§ **Dataset records**
····················

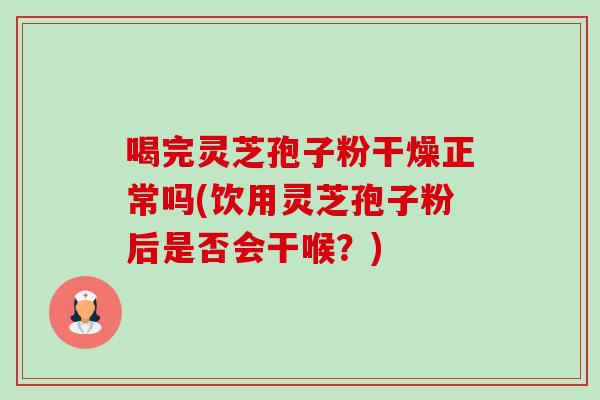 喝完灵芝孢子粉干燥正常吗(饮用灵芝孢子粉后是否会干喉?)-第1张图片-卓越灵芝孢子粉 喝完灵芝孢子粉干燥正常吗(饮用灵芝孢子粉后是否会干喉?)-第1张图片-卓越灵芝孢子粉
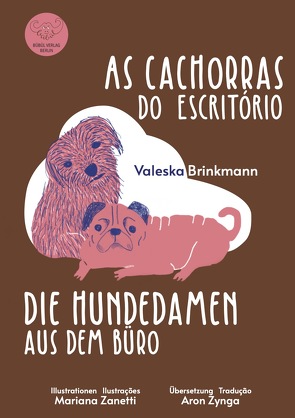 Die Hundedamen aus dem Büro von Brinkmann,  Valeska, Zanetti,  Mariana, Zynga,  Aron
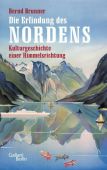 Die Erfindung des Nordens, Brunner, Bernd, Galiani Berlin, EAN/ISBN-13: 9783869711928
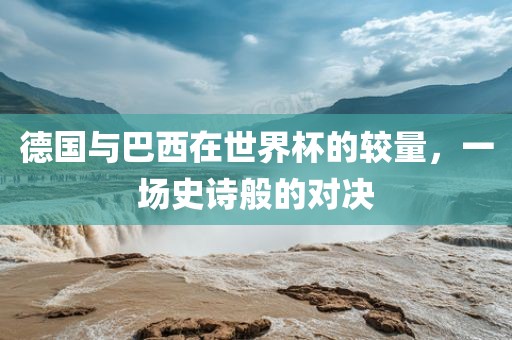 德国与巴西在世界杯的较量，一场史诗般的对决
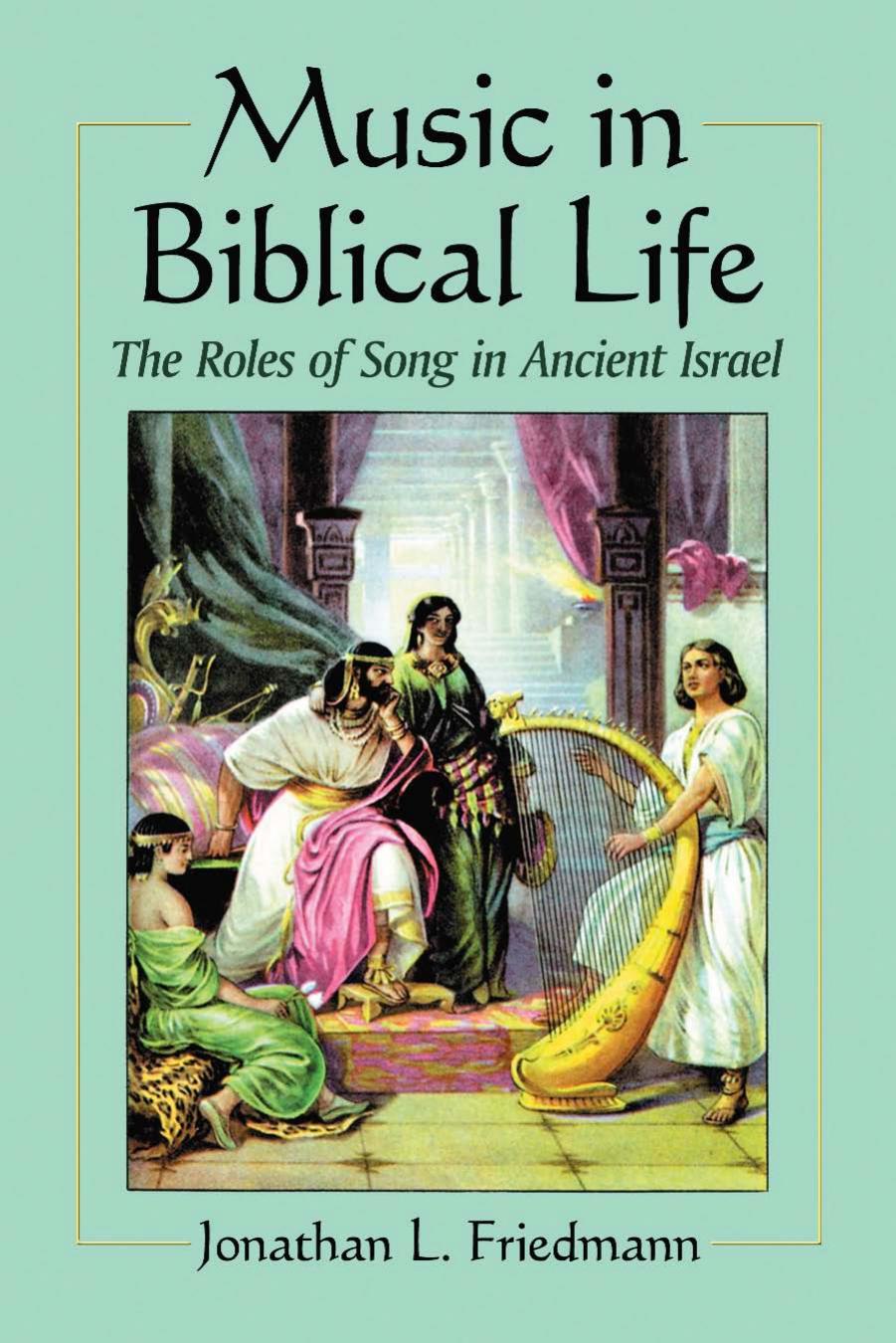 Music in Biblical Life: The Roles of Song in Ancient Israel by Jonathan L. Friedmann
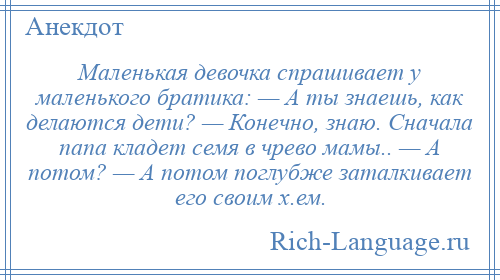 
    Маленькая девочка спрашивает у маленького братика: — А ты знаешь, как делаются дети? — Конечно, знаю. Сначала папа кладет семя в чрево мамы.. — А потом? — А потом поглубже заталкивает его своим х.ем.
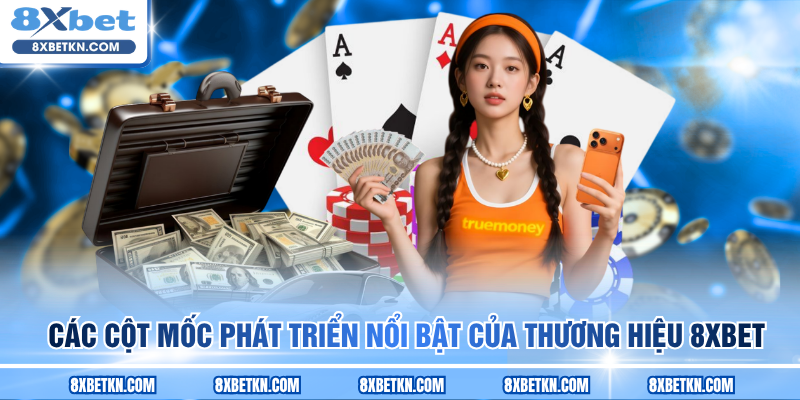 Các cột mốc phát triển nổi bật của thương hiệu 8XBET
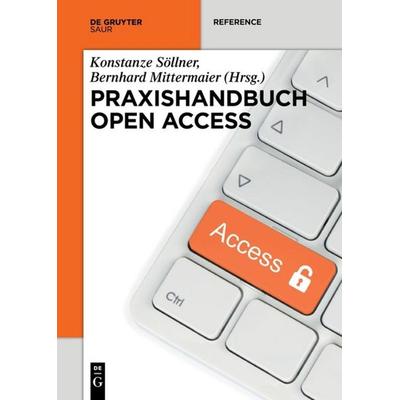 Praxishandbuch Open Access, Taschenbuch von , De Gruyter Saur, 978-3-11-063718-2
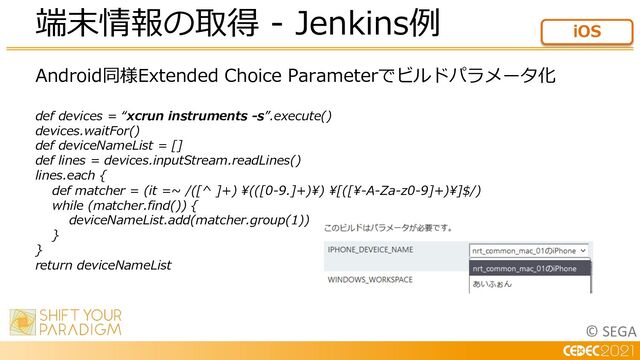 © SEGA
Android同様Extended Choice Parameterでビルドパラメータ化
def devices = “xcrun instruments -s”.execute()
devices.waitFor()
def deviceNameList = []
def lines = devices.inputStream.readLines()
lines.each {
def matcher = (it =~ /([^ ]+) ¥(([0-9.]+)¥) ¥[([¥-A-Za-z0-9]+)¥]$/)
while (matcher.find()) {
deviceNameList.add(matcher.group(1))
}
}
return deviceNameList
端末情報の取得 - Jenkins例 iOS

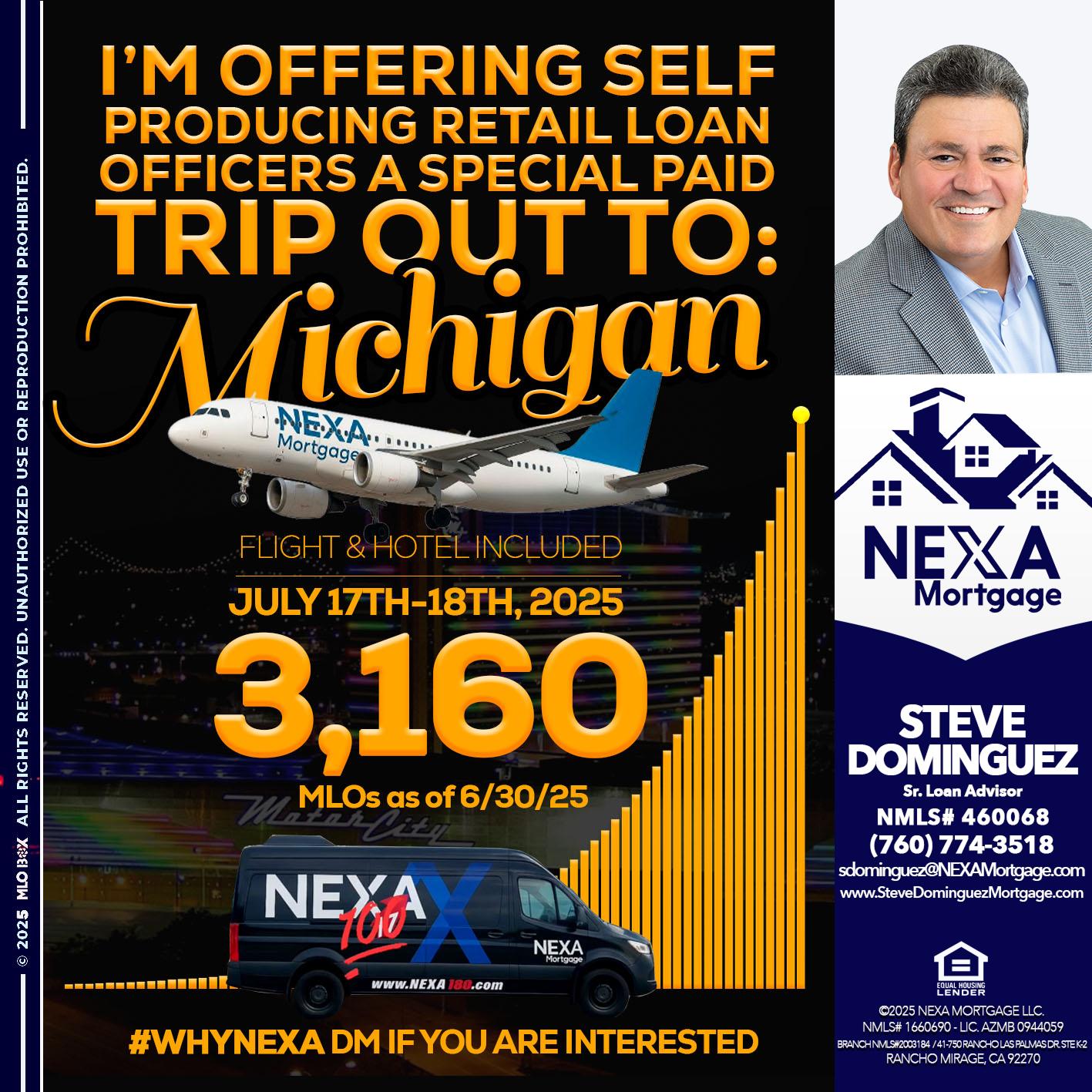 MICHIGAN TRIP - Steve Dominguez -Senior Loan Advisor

····················

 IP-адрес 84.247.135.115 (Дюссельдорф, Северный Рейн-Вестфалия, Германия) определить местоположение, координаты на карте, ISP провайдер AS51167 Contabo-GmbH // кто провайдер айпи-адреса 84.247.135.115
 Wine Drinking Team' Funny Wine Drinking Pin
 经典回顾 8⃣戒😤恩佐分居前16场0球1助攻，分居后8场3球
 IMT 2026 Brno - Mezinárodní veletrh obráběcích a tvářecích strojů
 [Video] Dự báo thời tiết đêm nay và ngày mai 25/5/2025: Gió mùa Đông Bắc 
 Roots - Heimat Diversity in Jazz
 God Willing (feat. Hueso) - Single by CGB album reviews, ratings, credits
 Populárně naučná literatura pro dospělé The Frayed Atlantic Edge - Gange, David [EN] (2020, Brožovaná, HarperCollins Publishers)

····················

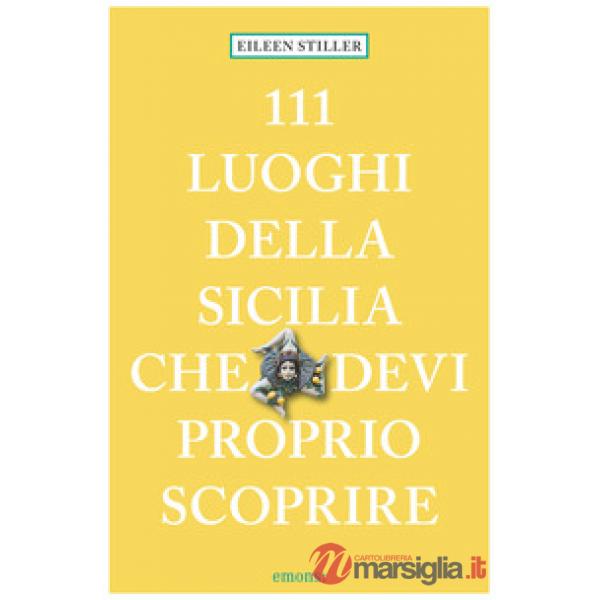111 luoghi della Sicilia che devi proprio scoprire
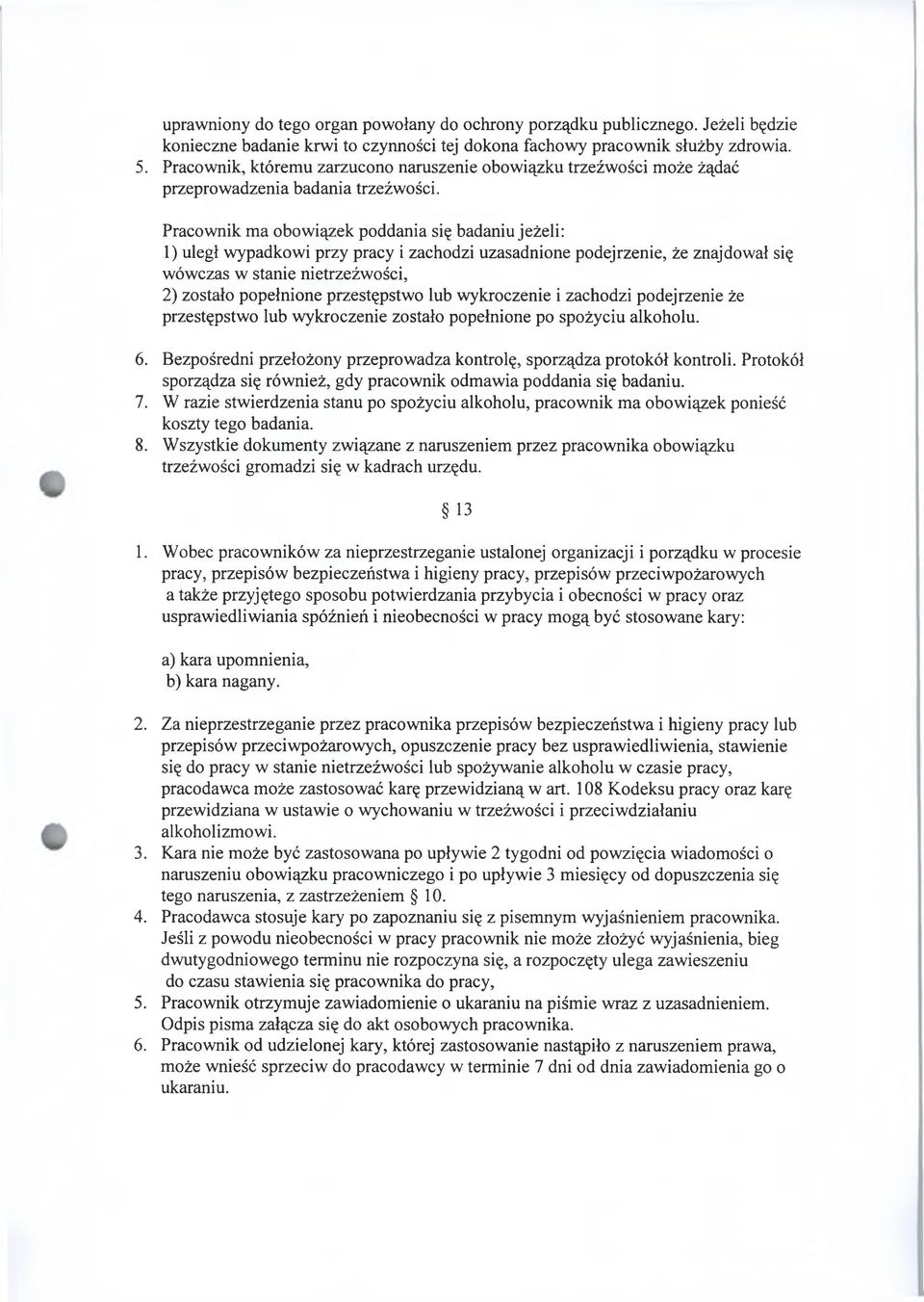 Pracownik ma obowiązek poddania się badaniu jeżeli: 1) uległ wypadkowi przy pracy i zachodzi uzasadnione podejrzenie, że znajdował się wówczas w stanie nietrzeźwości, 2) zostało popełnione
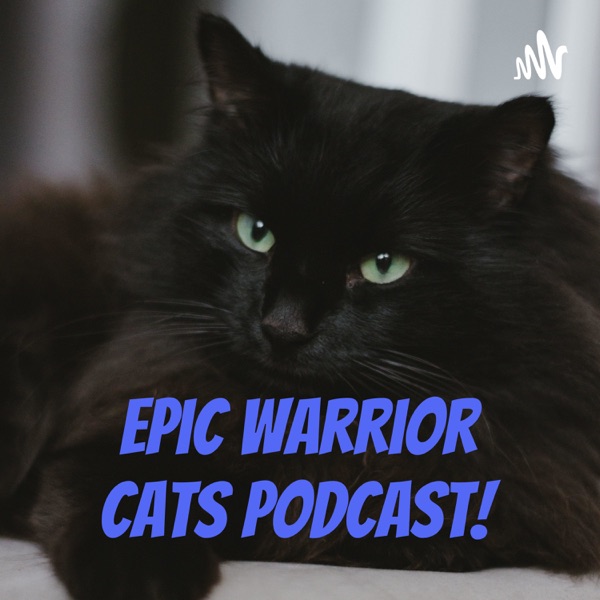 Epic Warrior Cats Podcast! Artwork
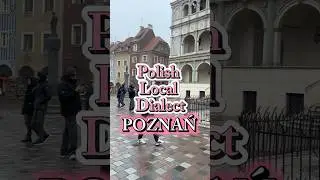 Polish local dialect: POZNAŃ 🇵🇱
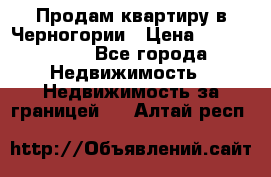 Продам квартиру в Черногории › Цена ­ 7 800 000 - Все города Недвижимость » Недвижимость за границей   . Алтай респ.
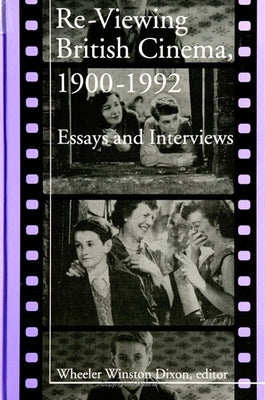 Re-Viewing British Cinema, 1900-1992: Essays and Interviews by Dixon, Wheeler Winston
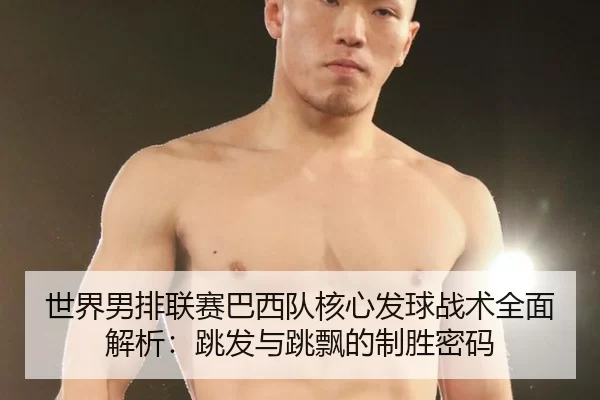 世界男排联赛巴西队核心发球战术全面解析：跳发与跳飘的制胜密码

····················

§ **The task**
Return, exactly as they stand, the lines above from the one with "Các cột mốc" to the one with "MICHIGAN TRIP - Steve", omitting any pictures among them.

§ **Result below**
 Các cột mốc phát triển nổi bật của thương hiệu 8XBET
 Praxishandbuch Open Access, Taschenbuch von , De Gruyter Saur, 978-3-11-063718-2
 © SEGA
Android同様Extended Choice Parameterでビルドパラメータ化
def devices = “xcrun instruments -s”.execute()
devices.waitFor()
def deviceNameList = []
def lines = devices.inputStream.readLines()
lines.each {
def matcher = (it =~ /([^ ]+) ¥(([0-9.]+)¥) ¥[([¥-A-Za-z0-9]+)¥]$/)
while (matcher.find()) {
deviceNameList.add(matcher.group(1))
}
}
return deviceNameList
端末情報の取得 - Jenkins例 iOS

 MICHIGAN TRIP - Steve Dominguez -Senior Loan Advisor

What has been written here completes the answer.